Hepatoblastoma often presents as a large, asymptomatic abdominal mass, typically discovered during a routine physical examination or incidentally by a parent. As the disease progresses, symptoms such as osteopenia, weight loss, anorexia (loss of appetite), nausea, vomiting, fever, and abdominal pain may develop. Children with hepatoblastoma may also exhibit normochromic normocytic anemia (characterized by pale skin and lips due to a reduced number of red blood cells) or jaundice (yellowing of the eyes and skin due to elevated bilirubin levels).
Hepatoblastoma occurs more frequently in patients with Beckwith-Wiedemann syndrome and familial adenomatous polyposis (FAP). Beckwith-Wiedemann syndrome is characterized by a large tongue, enlarged organs, increased body size, umbilical hernia, abdominal wall defects, and low blood sugar during infancy.
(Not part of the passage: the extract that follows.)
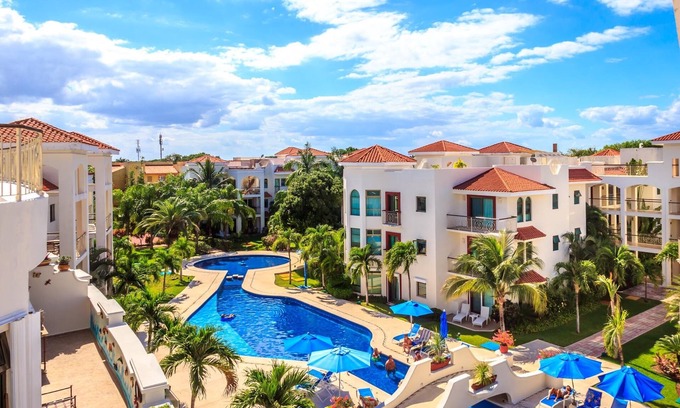 Playacar Condo | Beautiful Garden floor condo with pool views in Paseo del Sol by BRIC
FAP is an inherited disorder marked by the development of thousands of colon polyps, which, if untreated, will progress to colon cancer. Hepatoblastoma is also more common in premature infants and those born with very low birth weight.
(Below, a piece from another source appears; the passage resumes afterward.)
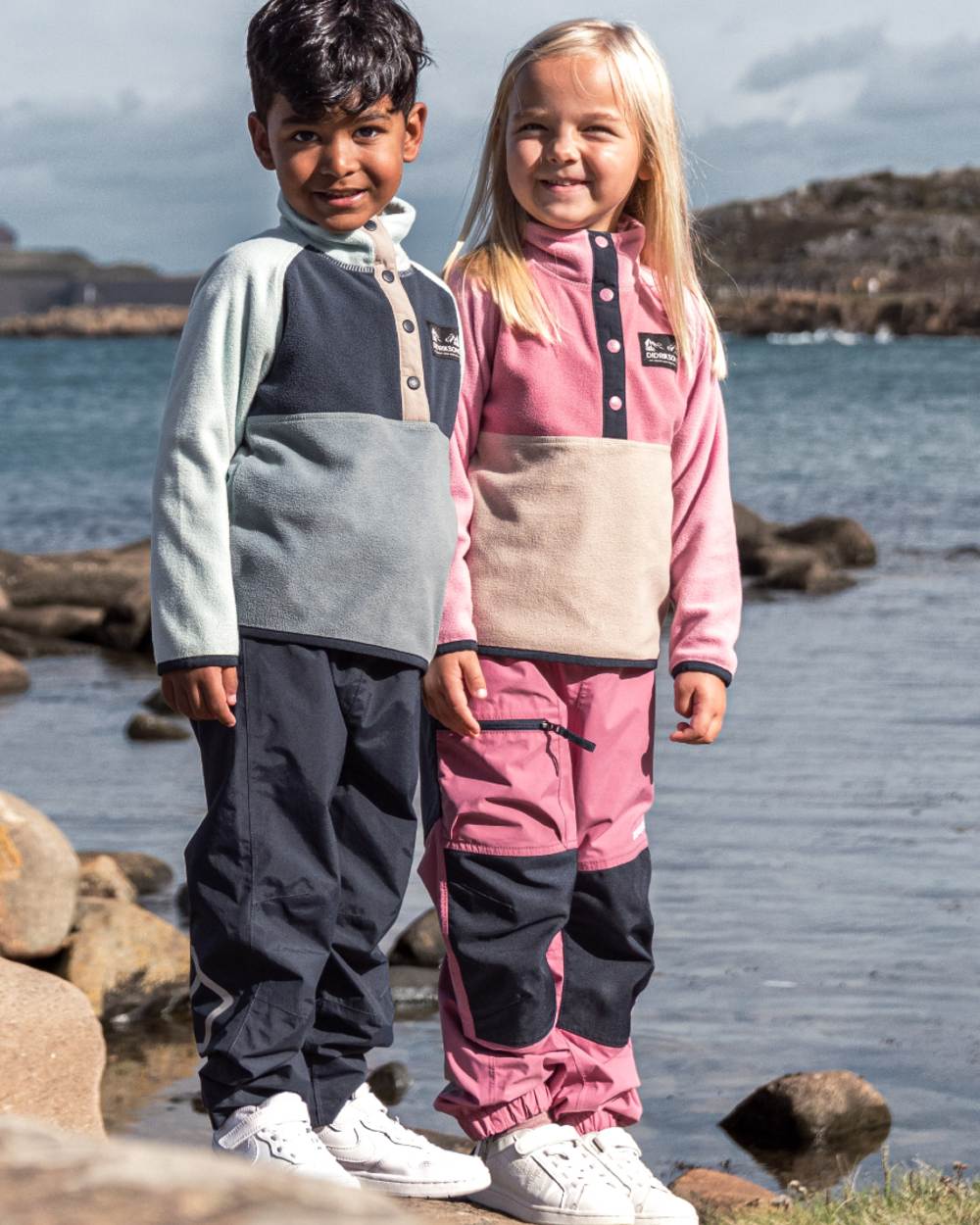 Heather Pink coloured Didriksons Childrens Monte Half Button Fleece 5 on sea background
A tissue sample is taken from the primary tumor to confirm diagnosis.
Surgery and chemotherapy are the primary treatment modalities for hepatoblastoma. Up to 85% of the liver can be safely removed during surgery, as the remaining liver is capable of regenerating within a few months. Pulmonary metastases present at diagnosis should also be surgically removed, if feasible. Multi-agent chemotherapy is typically administered both before and after surgery, as these tumors are highly responsive to chemotherapy. Liver transplantation may be considered for children with unresectable tumors.
Approximately 90% of children with resectable tumors are cured, while those with unresectable tumors have survival rates around 60%. Patients who present with metastatic disease at diagnosis have a long-term survival rate of about 25%.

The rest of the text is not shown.